Only the lines below from the one that contains "Quadro emoldurado de" through the one that contains "full bathroom with" should appear in your answer, exact and without pictures.

*EXERCISE DATA*
========================================================================
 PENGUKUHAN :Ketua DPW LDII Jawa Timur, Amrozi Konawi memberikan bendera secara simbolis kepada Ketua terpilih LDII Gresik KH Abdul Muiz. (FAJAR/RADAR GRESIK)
========================================================================
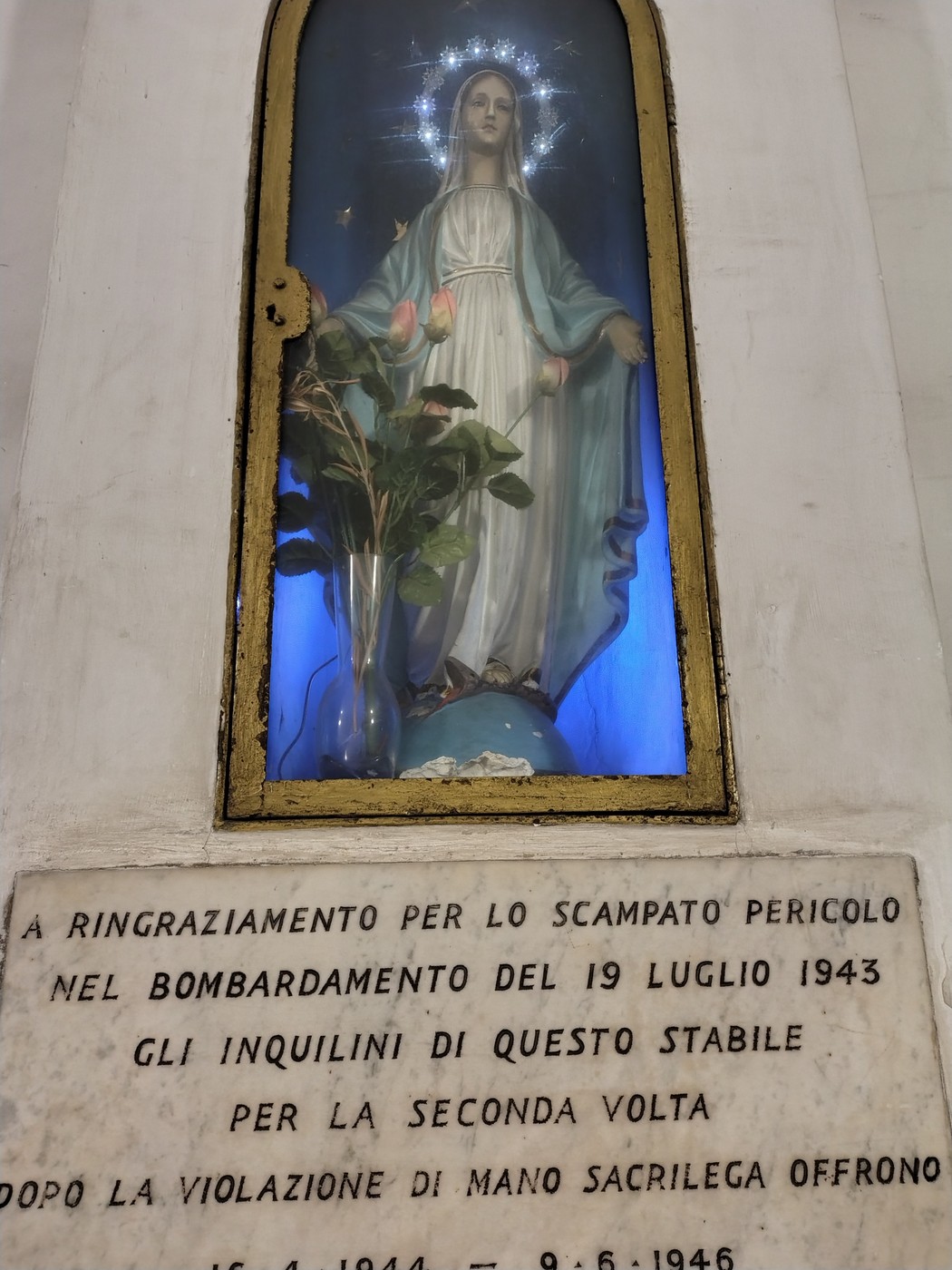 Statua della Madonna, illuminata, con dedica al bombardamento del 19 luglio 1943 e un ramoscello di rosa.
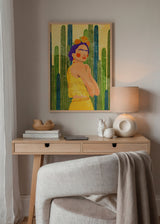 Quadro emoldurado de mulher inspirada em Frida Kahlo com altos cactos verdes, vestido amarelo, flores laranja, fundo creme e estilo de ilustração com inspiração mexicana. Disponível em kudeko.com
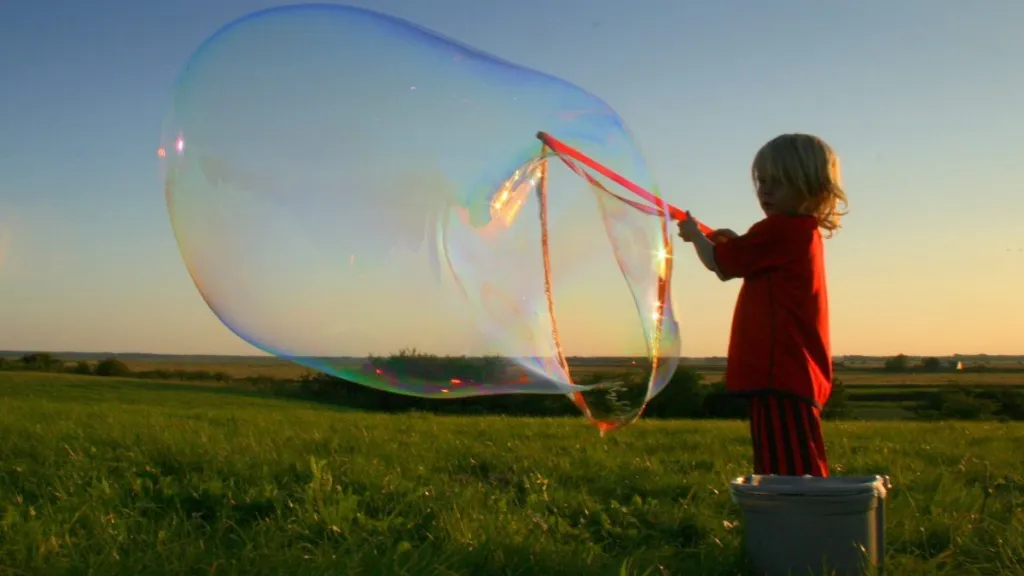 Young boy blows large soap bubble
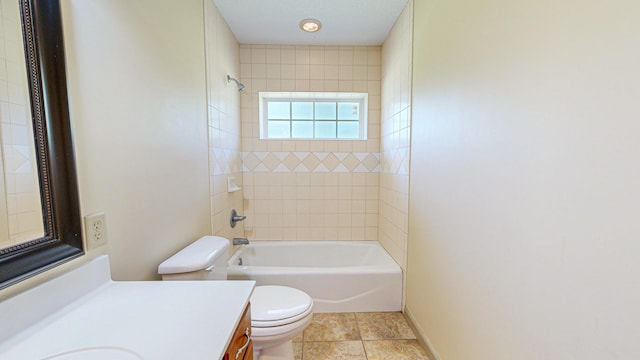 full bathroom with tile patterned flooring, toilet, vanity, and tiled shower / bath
========================================================================
*ANSWER TO THE PROBLEM*
 Quadro emoldurado de mulher inspirada em Frida Kahlo com altos cactos verdes, vestido amarelo, flores laranja, fundo creme e estilo de ilustração com inspiração mexicana. Disponível em kudeko.com
 Young boy blows large soap bubble
 full bathroom with tile patterned flooring, toilet, vanity, and tiled shower / bath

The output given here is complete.